Transcribe the entries exactly; images are not part of the copy.

Start of Block

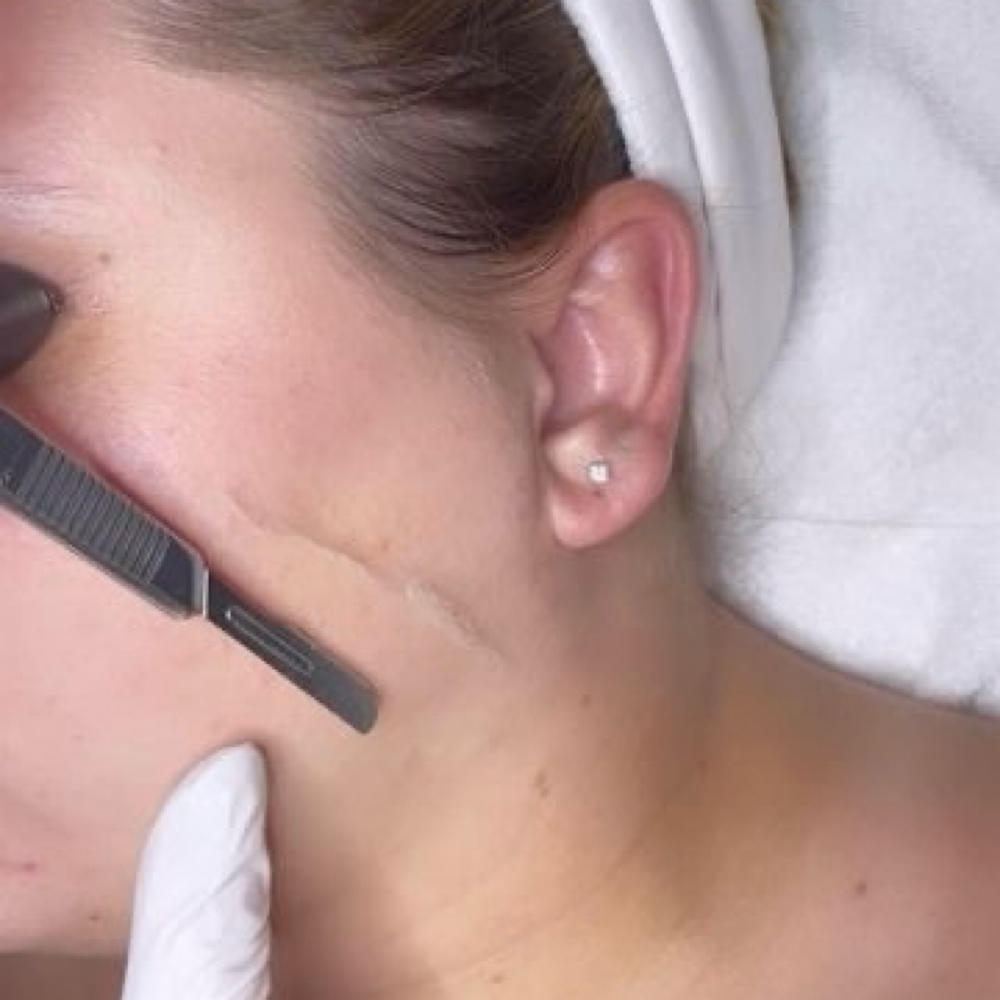 Dermaplane — Back On The Menu✨ at Katy At Wave Salon & Spa in Winchester, IN
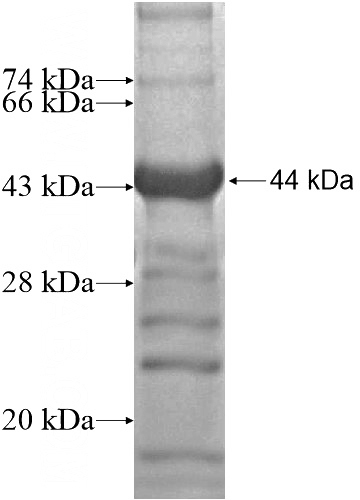 Recombinant Human ZNF232 SDS-PAGE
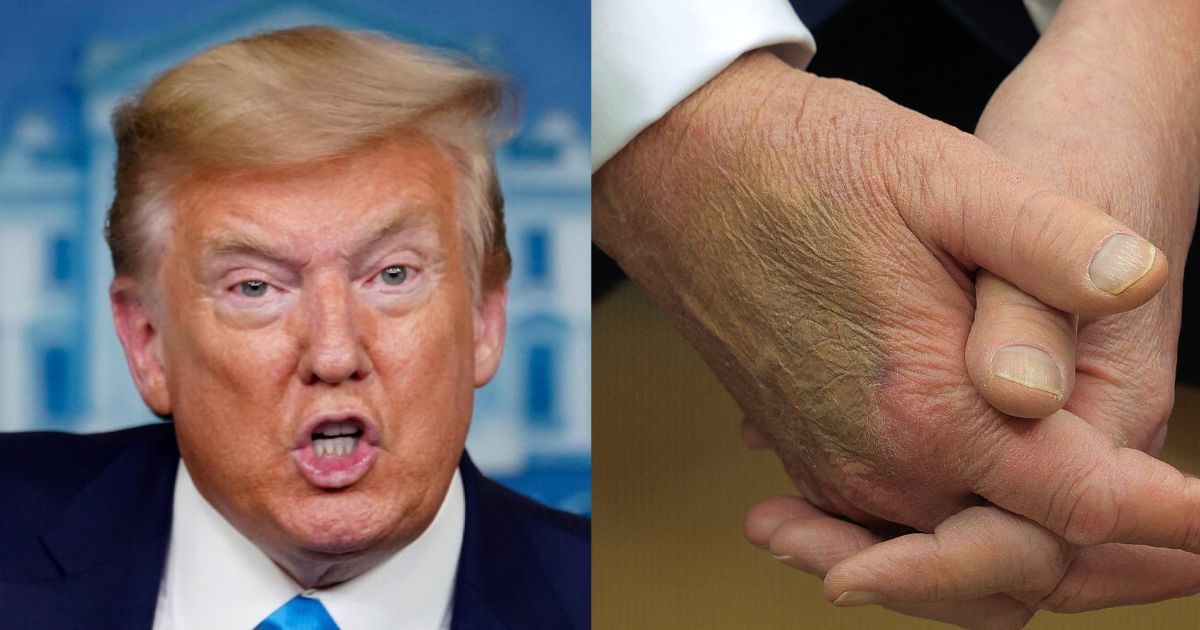 Concerns about Donald Trump's health during his second term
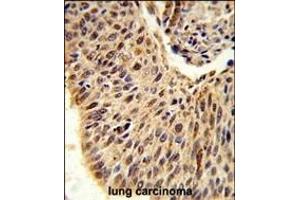 Formalin-fixed and paraffin-embedded human lung carcinoma reacted with GLIS1 Antibody (N-term), which was peroxidase-conjugated to the secondary antibody, followed by DAB staining. (GLIS1 antibody  (N-Term))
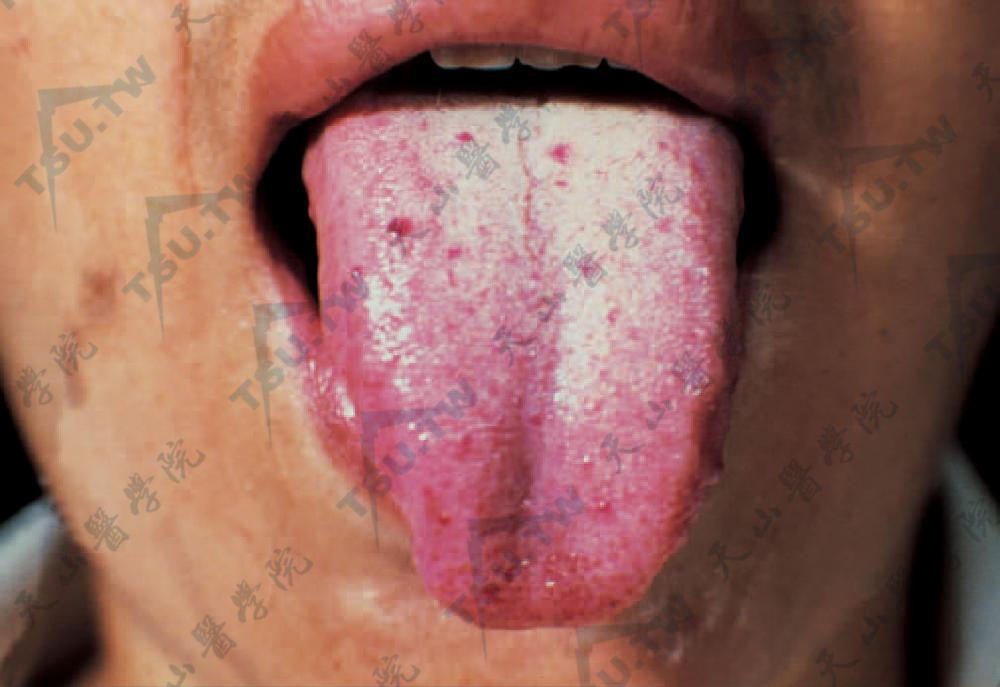 遗传性出血性毛细血管扩张症舌头症状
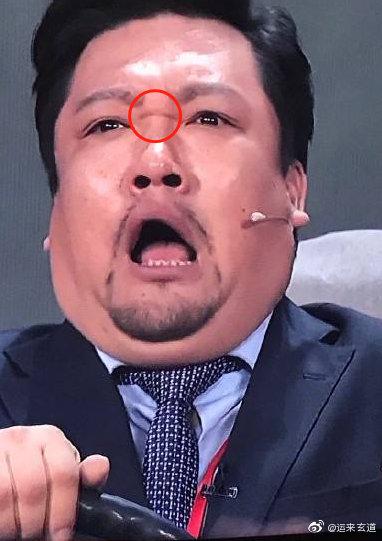 男人山根低婚姻如何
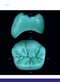 Dental Anatomy and Morphology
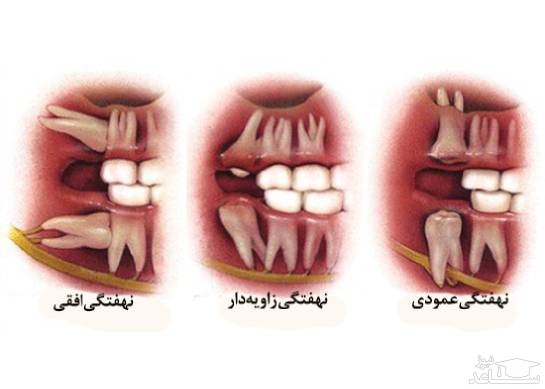 خطرات دندان نهفته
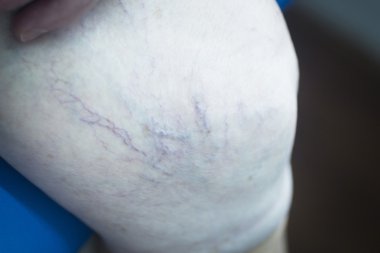 Fizik tedavi fizik tedavi hasta bacak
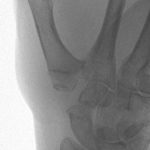 Thumb Arthritis – Franko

End of Block

SOLUTION:
 Dermaplane — Back On The Menu✨ at Katy At Wave Salon & Spa in Winchester, IN
 Recombinant Human ZNF232 SDS-PAGE
 Concerns about Donald Trump's health during his second term
 Formalin-fixed and paraffin-embedded human lung carcinoma reacted with GLIS1 Antibody (N-term), which was peroxidase-conjugated to the secondary antibody, followed by DAB staining. (GLIS1 antibody  (N-Term))
 遗传性出血性毛细血管扩张症舌头症状
 男人山根低婚姻如何
 Dental Anatomy and Morphology
 خطرات دندان نهفته
 Fizik tedavi fizik tedavi hasta bacak
 Thumb Arthritis – Franko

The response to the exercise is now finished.